Now that you know what food addiction is, let's talk about using a ketogenic diet to combat it.

Could a Keto Diet Help with Food Addiction?

In a word, yes! Food Addicts need to abstain from trigger foods and sugar. Trigger foods are more often than not, processed carbohydrates. What to do you eliminate on a keto diet? Sugar and processed carbohydrates. Is it easy? Not at first. Spend a week or so adjusting to new eating habits and it becomes second nature. You don't have to think about it. Set your macro goals, log everything you eat, and prepare snacks and/or meals in advance whenever possible to avoid making poor choices.

But Does It Really Work?

Again, yes! I wasn't even thinking about my addiction when I decided to try a keto plan. I lost weight right away and began discovering other benefits of this lifestyle. After about 2-3 weeks, I suddenly realized that I had almost completely lost the desire to overeat. I wasn't hungry and I wasn't thinking about food all the time. I wasn't sneaking snacks or engaging in other bad habits. I wasn't binging, even on dinner. I wasn't feeling guilty about what or how I was eating. I realized that I was, in fact, in recovery!

How did I know it was the keto plan that helped me beat food addiction? 

Well, for my birthday, my mom made one of my absolute favorite cakes. It's gluten free, but not low carb at all. (GF flour, apples, orange juice, and sugar. Not keto.) Even though it was not part of my plan, I ate it anyway. We also had a family bbq and I had s couple bunless burgers and chips. One meal won't make or break a diet plan, but a couple days might. It was obviously too much cake to eat in one day, so it was spread out over a few days. A few days of sugar. One piece at a time, but still plenty of sugar. About the third day, I stood in the kitchen, over the cake container, after everyone else had gone to bed, and ate three pieces. Three. As if I had no control over it. I just kept eating. It was the first time I truly felt like an addict.

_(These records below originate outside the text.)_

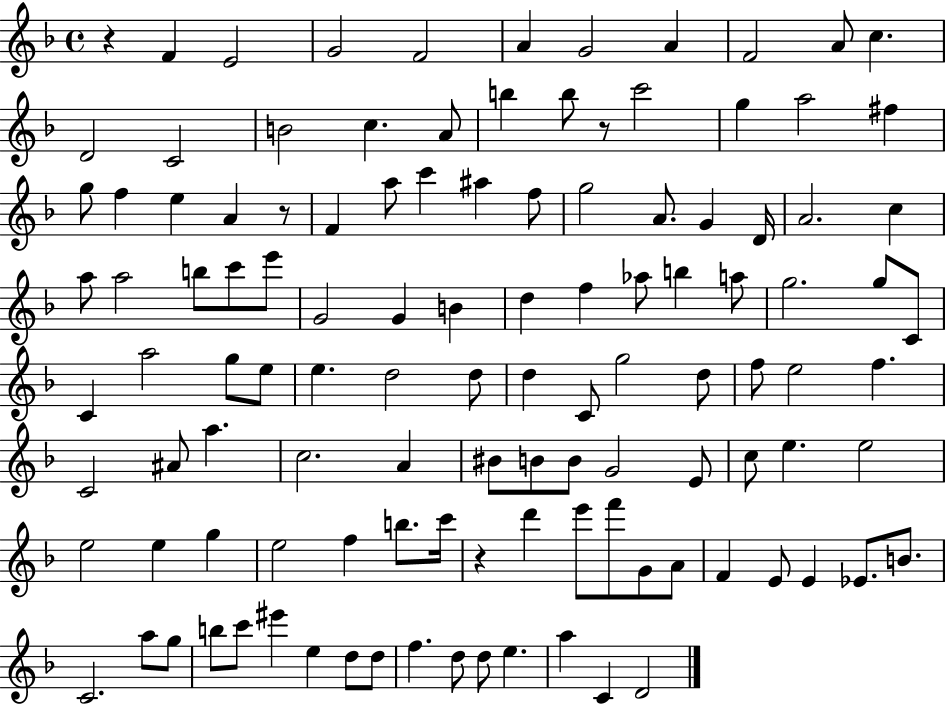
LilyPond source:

{
  \clef treble
  \time 4/4
  \defaultTimeSignature
  \key f \major
  r4 f'4 e'2 | g'2 f'2 | a'4 g'2 a'4 | f'2 a'8 c''4. | \break d'2 c'2 | b'2 c''4. a'8 | b''4 b''8 r8 c'''2 | g''4 a''2 fis''4 | \break g''8 f''4 e''4 a'4 r8 | f'4 a''8 c'''4 ais''4 f''8 | g''2 a'8. g'4 d'16 | a'2. c''4 | \break a''8 a''2 b''8 c'''8 e'''8 | g'2 g'4 b'4 | d''4 f''4 aes''8 b''4 a''8 | g''2. g''8 c'8 | \break c'4 a''2 g''8 e''8 | e''4. d''2 d''8 | d''4 c'8 g''2 d''8 | f''8 e''2 f''4. | \break c'2 ais'8 a''4. | c''2. a'4 | bis'8 b'8 b'8 g'2 e'8 | c''8 e''4. e''2 | \break e''2 e''4 g''4 | e''2 f''4 b''8. c'''16 | r4 d'''4 e'''8 f'''8 g'8 a'8 | f'4 e'8 e'4 ees'8. b'8. | \break c'2. a''8 g''8 | b''8 c'''8 eis'''4 e''4 d''8 d''8 | f''4. d''8 d''8 e''4. | a''4 c'4 d'2 | \break \bar "|."
}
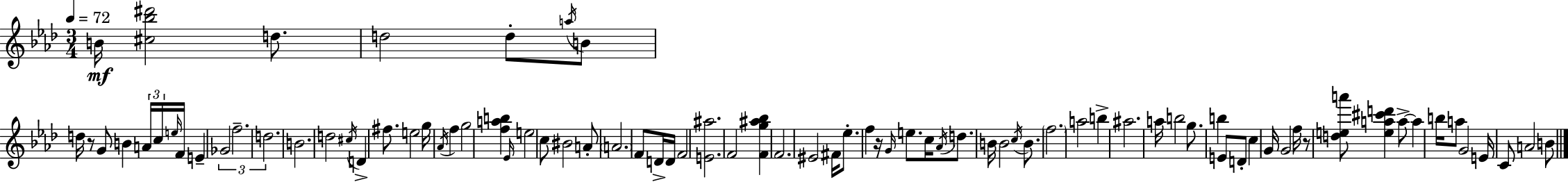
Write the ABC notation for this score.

X:1
T:Untitled
M:3/4
L:1/4
K:Ab
B/4 [^c_b^d']2 d/2 d2 d/2 a/4 B/2 d/4 z/2 G/2 B A/4 c/4 e/4 F/4 E _G2 f2 d2 B2 d2 ^c/4 D ^f/2 e2 g/4 _A/4 f g2 [fab] _E/4 e2 c/2 ^B2 A/2 A2 F/2 D/4 D/4 F2 [E^a]2 F2 [Fg^a_b] F2 ^E2 ^F/4 _e/2 f z/4 G/4 e/2 c/4 _A/4 d/2 B/4 B2 c/4 B/2 f2 a2 b ^a2 a/4 b2 g/2 b E/2 D/2 c G/4 G2 f/4 z/2 [dea']/2 [ea^c'd'] a/2 a b/4 a/2 G2 E/4 C/2 A2 B/2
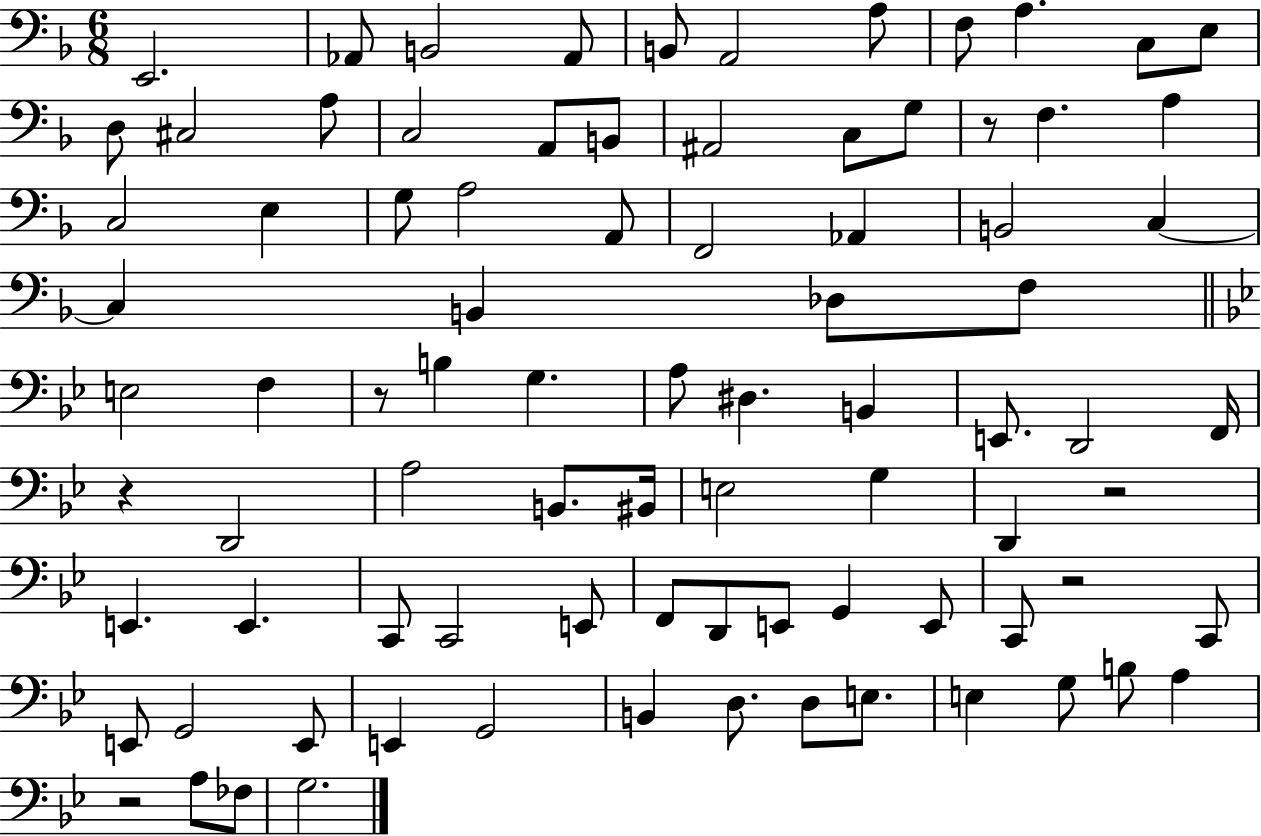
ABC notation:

X:1
T:Untitled
M:6/8
L:1/4
K:F
E,,2 _A,,/2 B,,2 _A,,/2 B,,/2 A,,2 A,/2 F,/2 A, C,/2 E,/2 D,/2 ^C,2 A,/2 C,2 A,,/2 B,,/2 ^A,,2 C,/2 G,/2 z/2 F, A, C,2 E, G,/2 A,2 A,,/2 F,,2 _A,, B,,2 C, C, B,, _D,/2 F,/2 E,2 F, z/2 B, G, A,/2 ^D, B,, E,,/2 D,,2 F,,/4 z D,,2 A,2 B,,/2 ^B,,/4 E,2 G, D,, z2 E,, E,, C,,/2 C,,2 E,,/2 F,,/2 D,,/2 E,,/2 G,, E,,/2 C,,/2 z2 C,,/2 E,,/2 G,,2 E,,/2 E,, G,,2 B,, D,/2 D,/2 E,/2 E, G,/2 B,/2 A, z2 A,/2 _F,/2 G,2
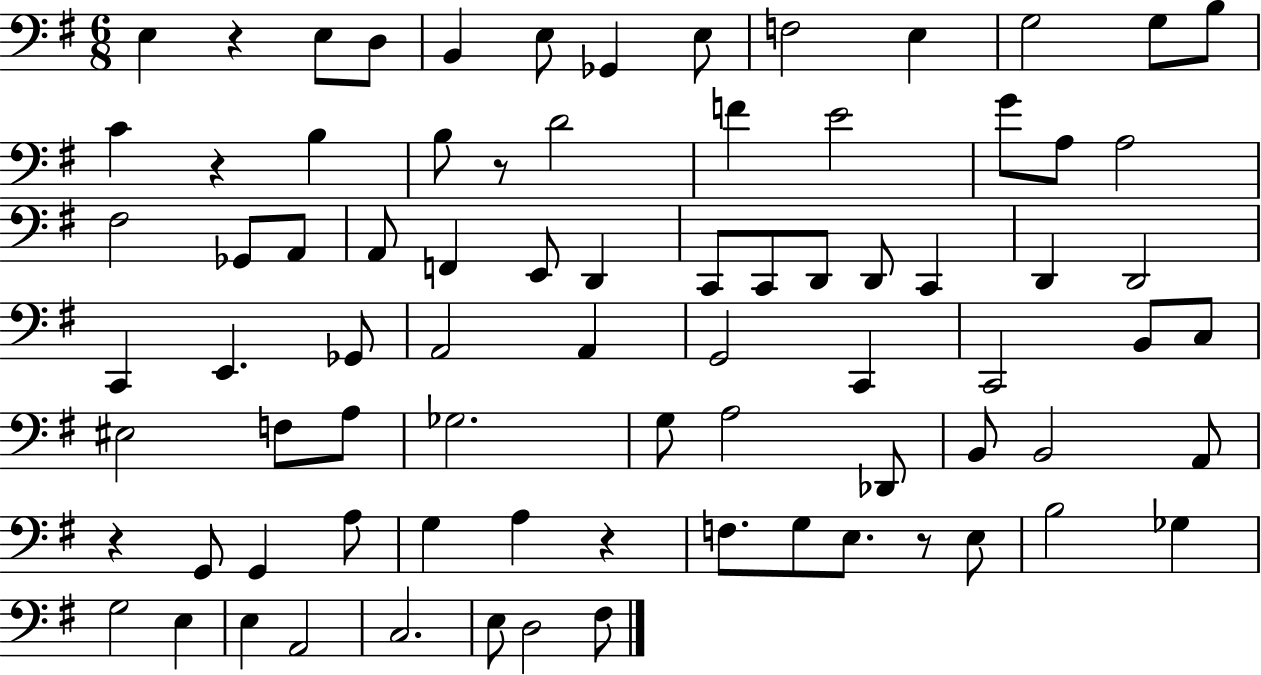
{
  \clef bass
  \numericTimeSignature
  \time 6/8
  \key g \major
  e4 r4 e8 d8 | b,4 e8 ges,4 e8 | f2 e4 | g2 g8 b8 | \break c'4 r4 b4 | b8 r8 d'2 | f'4 e'2 | g'8 a8 a2 | \break fis2 ges,8 a,8 | a,8 f,4 e,8 d,4 | c,8 c,8 d,8 d,8 c,4 | d,4 d,2 | \break c,4 e,4. ges,8 | a,2 a,4 | g,2 c,4 | c,2 b,8 c8 | \break eis2 f8 a8 | ges2. | g8 a2 des,8 | b,8 b,2 a,8 | \break r4 g,8 g,4 a8 | g4 a4 r4 | f8. g8 e8. r8 e8 | b2 ges4 | \break g2 e4 | e4 a,2 | c2. | e8 d2 fis8 | \break \bar "|."
}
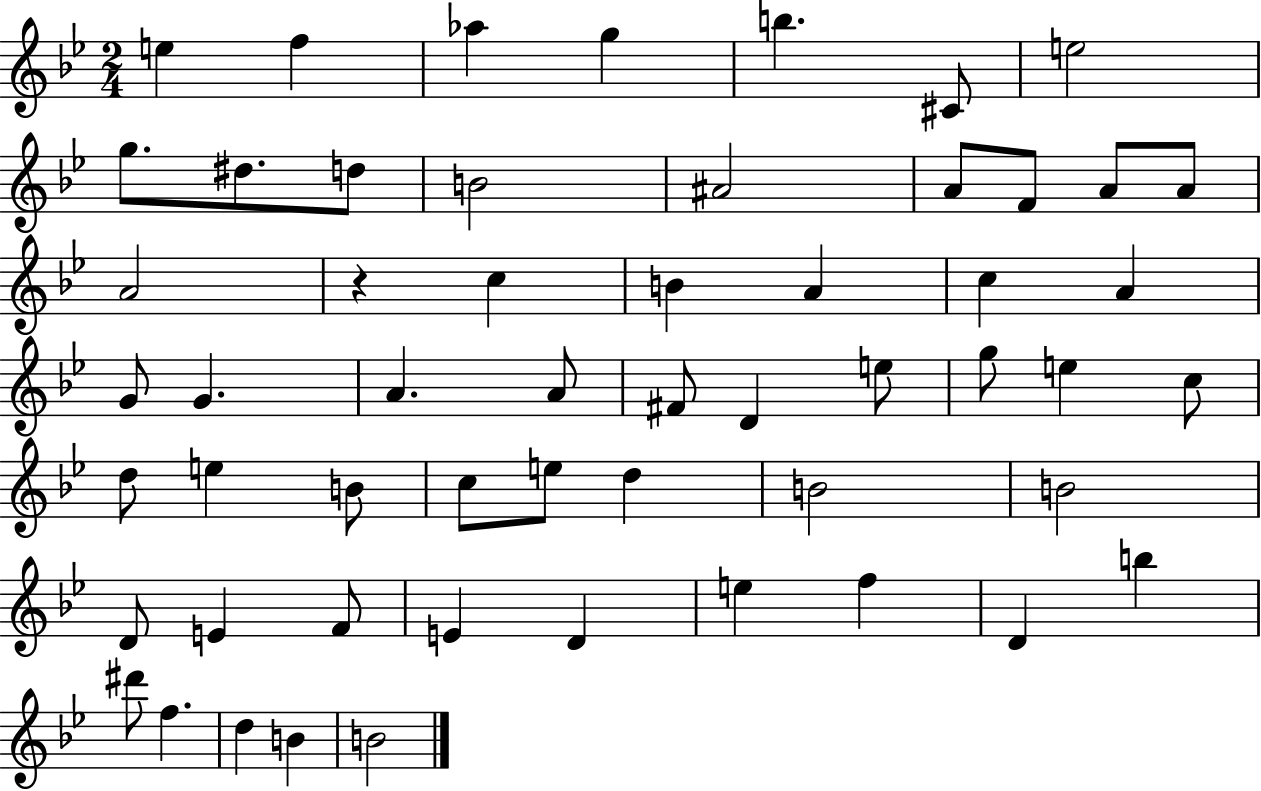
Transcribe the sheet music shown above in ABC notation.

X:1
T:Untitled
M:2/4
L:1/4
K:Bb
e f _a g b ^C/2 e2 g/2 ^d/2 d/2 B2 ^A2 A/2 F/2 A/2 A/2 A2 z c B A c A G/2 G A A/2 ^F/2 D e/2 g/2 e c/2 d/2 e B/2 c/2 e/2 d B2 B2 D/2 E F/2 E D e f D b ^d'/2 f d B B2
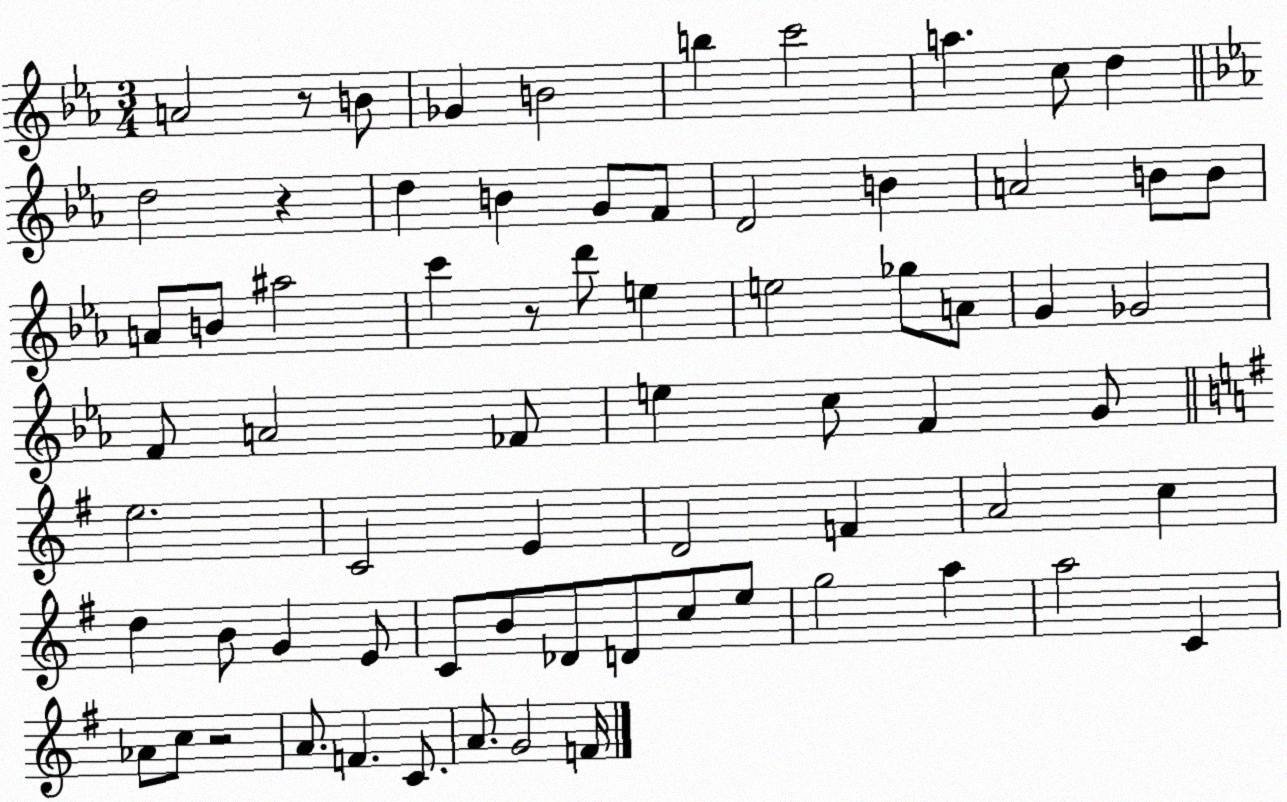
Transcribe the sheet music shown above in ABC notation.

X:1
T:Untitled
M:3/4
L:1/4
K:Eb
A2 z/2 B/2 _G B2 b c'2 a c/2 d d2 z d B G/2 F/2 D2 B A2 B/2 B/2 A/2 B/2 ^a2 c' z/2 d'/2 e e2 _g/2 A/2 G _G2 F/2 A2 _F/2 e c/2 F G/2 e2 C2 E D2 F A2 c d B/2 G E/2 C/2 B/2 _D/2 D/2 c/2 e/2 g2 a a2 C _A/2 c/2 z2 A/2 F C/2 A/2 G2 F/4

I let my son finish the cake, even though I desperately wanted to, and went back to my keto lifestyle. In a couple days, the "need" subsided. I was back in recovery! I have had a few indulgences since then, and my diet isn't 100% sugar free, but it is significantly easier to keep myself in check when I set limits ahead of time. We had popcorn from the theater the other night. Normally, I'd eat until it was gone, or until I physically couldn't take another bite. (This is the MegaTub, mind you. I usually only share with my husband and/or son, so there's still a lot for me.) This time, however, I had a few handfuls and was done. There's still some left in the sealed bucket downstairs right now. While I'd love to go grab and handful or two, I won't. I don't need it. I don't want it. That's pretty exciting for me!

Is Keto Easier Than Just Sugar Free?

I think so. Only focusing on sugar leaves some room for error. Sugar free usually means there are artificial sweeteners, which are sweeter than sugar and cause the same, if not stronger, sugar cravings. You are also often left with other carbs that break down into sugar and continue the cycle. A keto diet may allow for natural alternative sweeteners like stevia, but it is not as sweet as others and if you keep it to a minimum, you don't encounter the same spikes in cravings. When sugar is removed from processed foods, fat is typically added. Not healthy fats, either. Following a diet that is low in carbs, avoids sugars, and is higher in healthy fats, almost completely eliminates cravings for unhealthy foods and overeating.

Should You Try It?

Quite frankly, I just don't see why not. Talk to your health care practitioner if you're uncertain whether keto is safe for you. If you get the go-ahead, jump right in. If you need any help getting started or sticking to a ketogenic lifestyle, please contact me right away!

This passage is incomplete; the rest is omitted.